The court documents reveal an intricate financial web connecting Cytonn Investments Management PLC (the principal partner), CHYS, CPN, and numerous SPVs. CHYS and CPN essentially served as collection vehicles pooling funds from retail investors, which were then channeled to various SPVs registered by Cytonn Investments Management PLC.

These SPVs were created to acquire and develop properties whose sales would generate returns for investors.

However, the court found evidence that blurred the lines between these supposedly independent entities.

Cytonn's financial troubles first became public knowledge in 2021 when it's promoters (Mr Dande and Cytonn Investments Management PLC) petitioned the court for administration orders regarding CHYS and CPN, admitting their inability to meet financial obligations.

While the SPVs were registered under the Limited Liability Partnership Act as distinct legal persons, company records (Form CR12s) showed Edwin Dande appearing as the principal partner in nearly all of them - a fact that significantly undermined claims of genuine corporate separation.

The appellate court also dealt with investors who claimed bona fide purchaser status for properties acquired through sale agreements.

The judges ruled that such claims must first be properly substantiated before the liquidator rather than through direct court action.

Similarly, creditors pushing an alternative Debt Settlement Proposal were rebuffed, with the court dismissing their plan as "fundamentally speculative" and an improper encroachment on the Official Receiver's statutory mandate.

In perhaps its most damning assessment, the Court of Appeal endorsed the High Court's characterization of the SPVs' operations as "a scheme akin to fraud."

The judges clarified that this strong language was not indicative of judicial bias but rather an accurate description of the financial arrangements under scrutiny.

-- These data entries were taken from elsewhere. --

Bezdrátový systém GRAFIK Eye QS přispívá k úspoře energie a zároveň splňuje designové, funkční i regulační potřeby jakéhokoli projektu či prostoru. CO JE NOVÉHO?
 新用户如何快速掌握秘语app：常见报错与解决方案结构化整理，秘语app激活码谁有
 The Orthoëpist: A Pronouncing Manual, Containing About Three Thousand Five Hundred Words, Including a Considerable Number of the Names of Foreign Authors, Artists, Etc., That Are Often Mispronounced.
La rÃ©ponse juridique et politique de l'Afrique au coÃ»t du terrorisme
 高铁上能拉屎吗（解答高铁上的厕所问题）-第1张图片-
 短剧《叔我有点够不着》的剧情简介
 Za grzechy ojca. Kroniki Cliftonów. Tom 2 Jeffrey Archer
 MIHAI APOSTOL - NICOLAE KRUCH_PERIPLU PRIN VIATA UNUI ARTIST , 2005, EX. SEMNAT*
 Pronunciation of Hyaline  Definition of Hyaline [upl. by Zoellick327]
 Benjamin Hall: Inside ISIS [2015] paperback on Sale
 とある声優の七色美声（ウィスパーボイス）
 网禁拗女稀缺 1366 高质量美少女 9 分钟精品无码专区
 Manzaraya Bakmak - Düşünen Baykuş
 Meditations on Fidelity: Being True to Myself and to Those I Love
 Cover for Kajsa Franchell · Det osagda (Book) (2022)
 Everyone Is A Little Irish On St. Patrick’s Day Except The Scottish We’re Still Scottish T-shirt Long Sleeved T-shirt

The court also rejected arguments that the trial judge erred in applying the doctrine of tracing - a legal principle that establishes connections between misappropriated funds and current assets.

"The tracing in this instance was appropriately limited to preservation purposes rather than confiscation or disposal," the appellate judges explained.

The subsequent administrator's investigation revealed shocking deficiencies - the companies lacked credible funding models and showed no realistic prospects of rehabilitation.

This led to the administrator's recommendation for orderly wind-down proceedings, including appointment of specialized financial managers.

When competing applications emerged in 2023 - one seeking extension of administration and another pushing for liquidation - the High Court decisively terminated the administration regime and placed the companies under the Official Receiver's control.

The appellate rulings mark the final legal chapter in a saga that began four years ago when the Capital Markets Authority first sounded alarm bells by declaring CHYS and CPN unregulated investment schemes.

In September of this year the High Court upheld the CMA's decision to limit investments by Cytonn-affiliated funds, dealing a blow to Mr Dande's attempt to overturn the regulator's restrictions.

The court dismissed Mr Dande's petition challenging CMA's June 2020 directive that capped investments by Cytonn Asset Managers and Cytonn High Yield Fund at 10 percent of their portfolio for Cytonn-related projects.

Founded in 2014 by Mr Dande and other partners, Cytonn became popular for offering a range of residential and mixed-use properties to retail and institutional investors in the real estate sector, structured solutions, private equity and advisory. It also established 17 SPVs for investment purposes.